See, the bigger and more powerful the government gets, the more intimate they can get. It’s the opposite of our normal limitations. If the NSA gets 1000 new employees, it’s not as if they therefore know less about youThe opposite is true: they now have the resources to know you even better. While this is a limited and imperfect analogy, it still shows us something about God: namely, that it’s precisely because He’s infinite and omnipresent that He can be as personal and intimate as He is.
A tiny God wouldn’t be more personal that the real God. He’d be less so, always scurrying from place to place putting out fires and answering calls to Heaven, like an overworked firefighting switchboard operator. It’s because our God is omnipresent, transcending time and place, transcending all human limitations, that He knows you inside and out, that He hears you when you cry, and that He can care for the small details of your life.

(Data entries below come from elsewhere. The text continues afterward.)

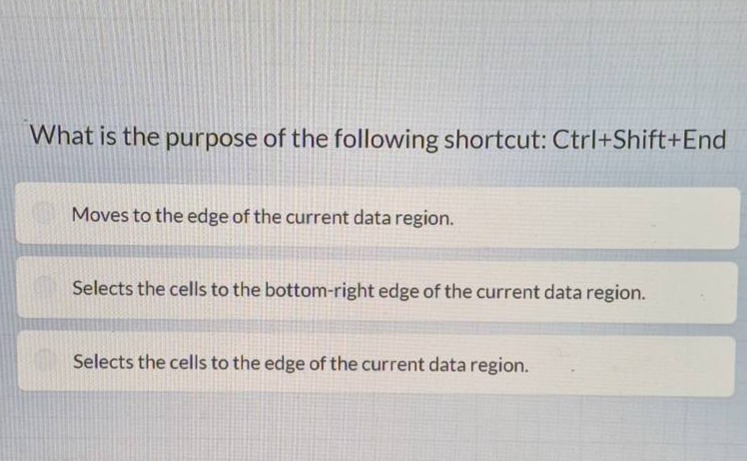 what is the purpose of the following shortcut: ctrl+shift+end\nmoves to the edge of the current data region.\nselects the cells to the bottom - right edge of the current data region.\nselects the cells to the edge of the current data region.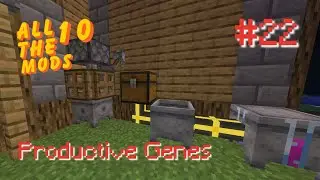 Squishing Productive Bees for Gene Samples - AllTheMods 10 Ep.22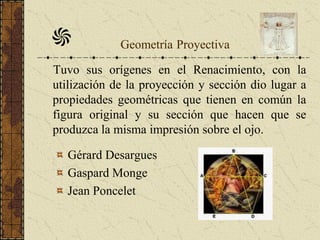 Geometría Proyectiva
Tuvo sus orígenes en el Renacimiento, con la
utilización de la proyección y sección dio lugar a
propiedades geométricas que tienen en común la
figura original y su sección que hacen que se
produzca la misma impresión sobre el ojo.
Gérard Desargues
Gaspard Monge
Jean Poncelet
 
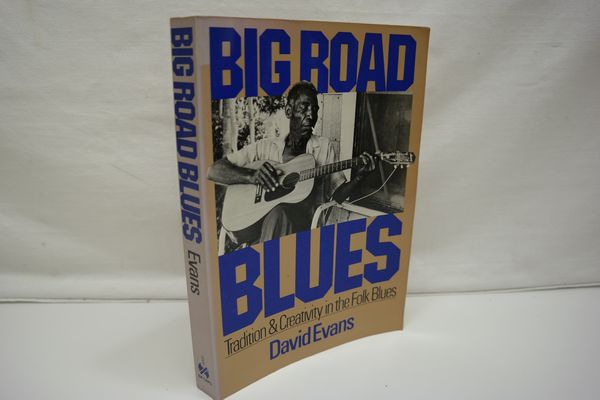 Big Road Blues : Tradition And Creativity In The Folk Blues - signiertes Ex. David Evans Studie Big Road Blues aus dem Jahr 1982 wurde 1991 in die Blues Hall of Fame (Classics of Blues Literature) aufgenommen - Evans, David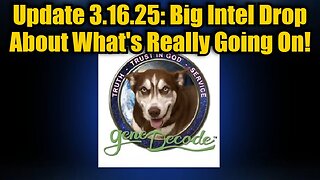 Gene Decode Update 3.16.25: Big Intel Drop About What's Really Going On & How to Get Ready!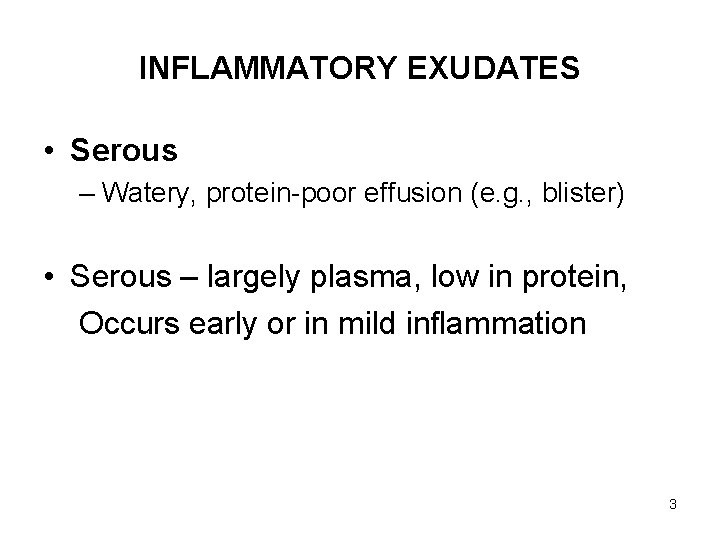 INFLAMMATORY EXUDATES • Serous – Watery, protein-poor effusion (e. g. , blister) • Serous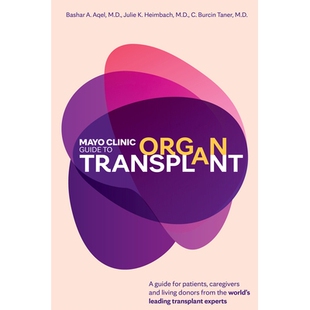 预订 Mayo Clinic Guide to Organ Transplant: A Guide for Patients, Caregivers and Living Donors from the World’s Leading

Girolamo da Santacroce, The Adoration of the Three Kings (c. 1530) |
St. Augustine (whose feast day is today), in Book X, Chapter 27 of his Confessions, connects the immanence and transcendence of God in a way too few others have:
Late have I loved you, O Beauty ever ancient, ever new, late have I loved you! You were within me, but I was outside, and it was there that I searched for you. In my unloveliness I plunged into the lovely things which you created. You were with me, but I was not with you. Created things kept me from you; yet if they had not been in you they would not have been at all. You called, you shouted, and you broke through my deafness. You flashed, you shone, and you dispelled my blindness. You breathed your fragrance on me; I drew in breath and now I pant for you. I have tasted you, now I hunger and thirst for more. You touched me, and I burned for your peace.
This says it all. Nothing could be more personal than a loving God who is always present within us.